Output the full listing exactly as written, with no pictures in it.
#### Data below ####
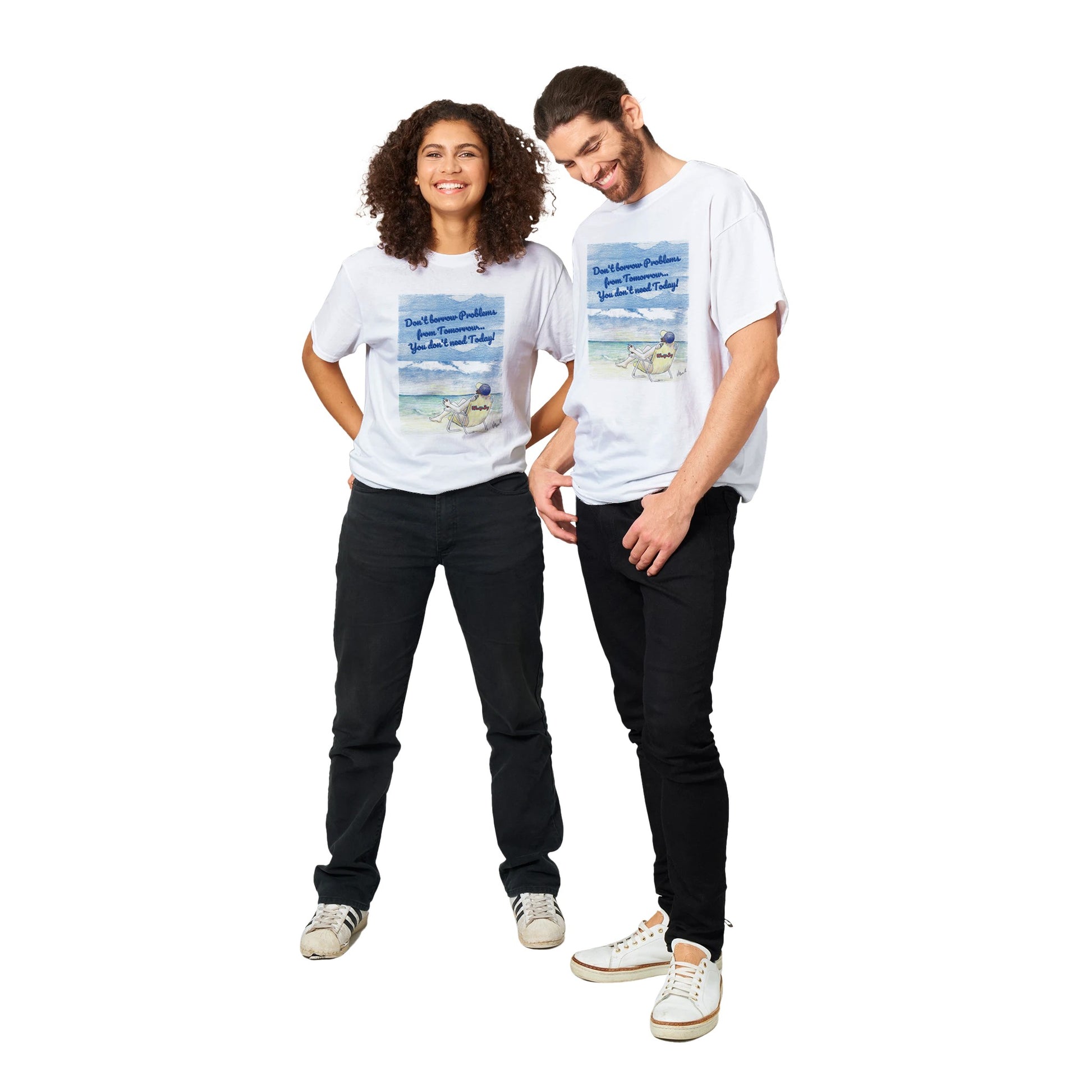 A white heavyweight Unisex Crewneck t-shirt with original artwork and motto Don’t borrow Problems from Tomorrow… You don’t need Today! on front with WhatYa Say logo on image  from WhatYa Say Apparel worn by Happy woman and man couple standing side by side.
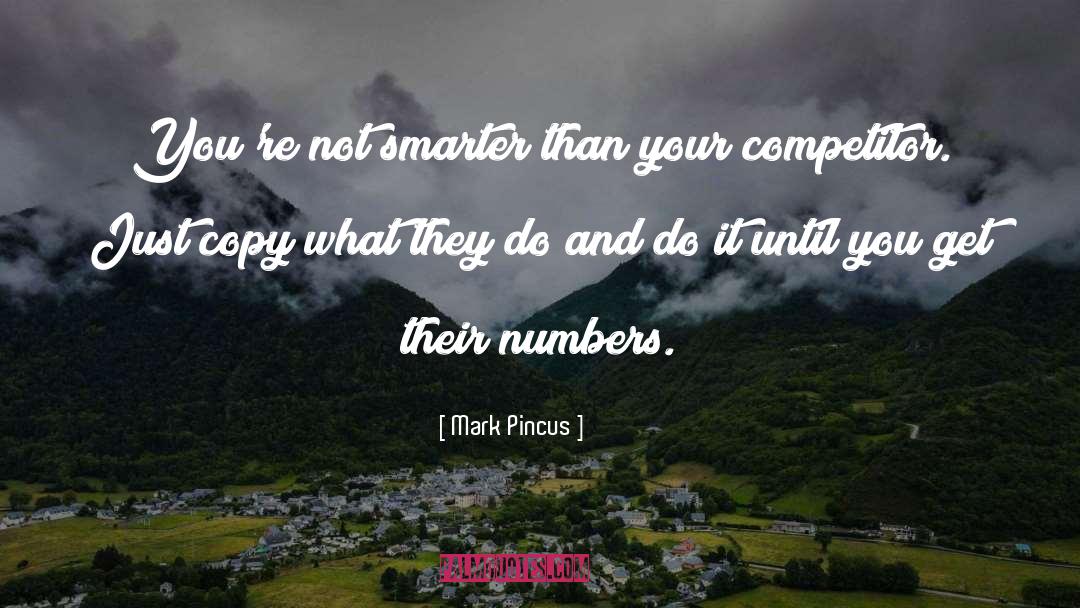 Competitors quotes by Mark Pincus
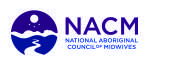 National Aboriginal Council of Midwives (NACM)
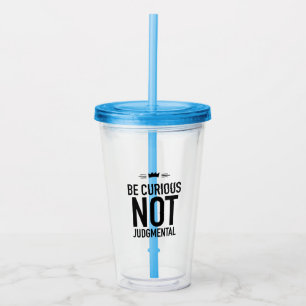 Be Curious, Not Judgmental – Inspirational Quote Acrylic Tumbler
####
> **Task result**
 A white heavyweight Unisex Crewneck t-shirt with original artwork and motto Don’t borrow Problems from Tomorrow… You don’t need Today! on front with WhatYa Say logo on image  from WhatYa Say Apparel worn by Happy woman and man couple standing side by side.
 Competitors quotes by Mark Pincus
 National Aboriginal Council of Midwives (NACM)
 Be Curious, Not Judgmental – Inspirational Quote Acrylic Tumbler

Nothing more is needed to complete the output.